◆ Input records:
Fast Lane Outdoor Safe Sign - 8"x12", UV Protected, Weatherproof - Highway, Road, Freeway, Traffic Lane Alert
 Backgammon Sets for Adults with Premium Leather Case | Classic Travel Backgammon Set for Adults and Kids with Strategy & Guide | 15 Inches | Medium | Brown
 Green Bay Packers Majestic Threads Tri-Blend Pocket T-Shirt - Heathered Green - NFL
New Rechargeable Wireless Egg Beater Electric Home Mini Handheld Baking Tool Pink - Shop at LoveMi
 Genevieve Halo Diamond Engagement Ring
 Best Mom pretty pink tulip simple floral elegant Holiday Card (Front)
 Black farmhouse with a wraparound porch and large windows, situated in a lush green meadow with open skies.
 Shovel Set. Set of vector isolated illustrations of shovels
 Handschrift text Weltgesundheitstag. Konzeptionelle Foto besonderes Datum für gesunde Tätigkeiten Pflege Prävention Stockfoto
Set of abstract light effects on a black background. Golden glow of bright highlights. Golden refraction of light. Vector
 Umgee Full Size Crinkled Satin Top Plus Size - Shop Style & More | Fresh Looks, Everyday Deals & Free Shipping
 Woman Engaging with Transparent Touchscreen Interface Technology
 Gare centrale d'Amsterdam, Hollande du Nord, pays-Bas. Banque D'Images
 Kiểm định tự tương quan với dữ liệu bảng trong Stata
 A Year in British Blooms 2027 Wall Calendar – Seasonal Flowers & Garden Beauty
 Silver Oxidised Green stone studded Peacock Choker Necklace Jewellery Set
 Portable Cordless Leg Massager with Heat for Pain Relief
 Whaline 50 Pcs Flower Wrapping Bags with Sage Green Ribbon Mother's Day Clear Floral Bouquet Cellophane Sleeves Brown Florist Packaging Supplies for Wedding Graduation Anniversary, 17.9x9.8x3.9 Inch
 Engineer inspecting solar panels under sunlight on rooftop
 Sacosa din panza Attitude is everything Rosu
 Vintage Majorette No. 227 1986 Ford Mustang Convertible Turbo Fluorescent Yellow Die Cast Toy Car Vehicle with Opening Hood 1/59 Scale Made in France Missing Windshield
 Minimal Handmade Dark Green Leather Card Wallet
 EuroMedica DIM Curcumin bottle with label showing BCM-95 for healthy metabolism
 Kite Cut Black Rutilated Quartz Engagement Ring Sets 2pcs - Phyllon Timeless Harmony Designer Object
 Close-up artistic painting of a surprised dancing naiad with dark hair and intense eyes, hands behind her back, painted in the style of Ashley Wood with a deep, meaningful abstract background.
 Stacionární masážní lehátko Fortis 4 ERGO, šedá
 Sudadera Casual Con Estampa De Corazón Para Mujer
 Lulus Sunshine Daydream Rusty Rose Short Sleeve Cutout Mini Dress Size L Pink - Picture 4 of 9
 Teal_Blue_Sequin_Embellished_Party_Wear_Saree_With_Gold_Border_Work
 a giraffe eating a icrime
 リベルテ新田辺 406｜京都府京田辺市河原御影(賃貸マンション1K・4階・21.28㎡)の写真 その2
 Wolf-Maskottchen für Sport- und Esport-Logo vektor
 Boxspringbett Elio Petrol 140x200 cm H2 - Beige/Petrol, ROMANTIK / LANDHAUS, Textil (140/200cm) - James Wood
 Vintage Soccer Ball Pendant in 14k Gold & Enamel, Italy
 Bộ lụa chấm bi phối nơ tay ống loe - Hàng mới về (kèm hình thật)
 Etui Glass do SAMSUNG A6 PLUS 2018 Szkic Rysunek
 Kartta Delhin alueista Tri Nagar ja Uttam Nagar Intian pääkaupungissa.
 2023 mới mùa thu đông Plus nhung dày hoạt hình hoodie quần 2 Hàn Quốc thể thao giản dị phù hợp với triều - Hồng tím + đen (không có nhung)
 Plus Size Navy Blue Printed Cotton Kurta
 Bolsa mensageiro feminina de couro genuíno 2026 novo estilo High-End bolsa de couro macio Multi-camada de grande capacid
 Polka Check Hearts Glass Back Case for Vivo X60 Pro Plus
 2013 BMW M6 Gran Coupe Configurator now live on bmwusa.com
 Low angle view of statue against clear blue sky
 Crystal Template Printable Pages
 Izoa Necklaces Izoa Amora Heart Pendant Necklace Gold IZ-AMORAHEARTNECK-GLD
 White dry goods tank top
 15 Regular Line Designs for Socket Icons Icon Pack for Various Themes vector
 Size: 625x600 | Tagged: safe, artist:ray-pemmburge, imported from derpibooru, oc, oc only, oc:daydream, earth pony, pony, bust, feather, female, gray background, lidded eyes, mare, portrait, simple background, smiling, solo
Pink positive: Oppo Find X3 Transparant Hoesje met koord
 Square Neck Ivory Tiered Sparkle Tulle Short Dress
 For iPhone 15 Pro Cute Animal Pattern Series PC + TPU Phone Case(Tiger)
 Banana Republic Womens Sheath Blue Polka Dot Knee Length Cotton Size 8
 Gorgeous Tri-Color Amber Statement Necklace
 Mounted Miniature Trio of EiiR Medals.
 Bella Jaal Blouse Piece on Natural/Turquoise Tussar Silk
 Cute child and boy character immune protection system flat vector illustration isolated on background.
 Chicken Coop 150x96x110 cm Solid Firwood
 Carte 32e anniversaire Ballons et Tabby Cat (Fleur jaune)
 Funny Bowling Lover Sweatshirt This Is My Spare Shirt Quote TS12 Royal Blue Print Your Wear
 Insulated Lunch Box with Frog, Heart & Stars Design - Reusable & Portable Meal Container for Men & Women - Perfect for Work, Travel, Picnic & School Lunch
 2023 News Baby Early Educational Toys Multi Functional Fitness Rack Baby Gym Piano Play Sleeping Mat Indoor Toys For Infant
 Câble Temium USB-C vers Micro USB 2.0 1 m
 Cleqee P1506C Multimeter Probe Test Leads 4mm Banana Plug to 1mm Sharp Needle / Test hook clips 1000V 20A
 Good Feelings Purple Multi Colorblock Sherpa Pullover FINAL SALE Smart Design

◆ Exercise objective:
Set down precisely the lines above between the line holding "Funny Bowling Lover" and the line holding "Insulated Lunch Box", inclusive, and nothing beyond them.

◆ Response to this exercise:
 Funny Bowling Lover Sweatshirt This Is My Spare Shirt Quote TS12 Royal Blue Print Your Wear
 Insulated Lunch Box with Frog, Heart & Stars Design - Reusable & Portable Meal Container for Men & Women - Perfect for Work, Travel, Picnic & School Lunch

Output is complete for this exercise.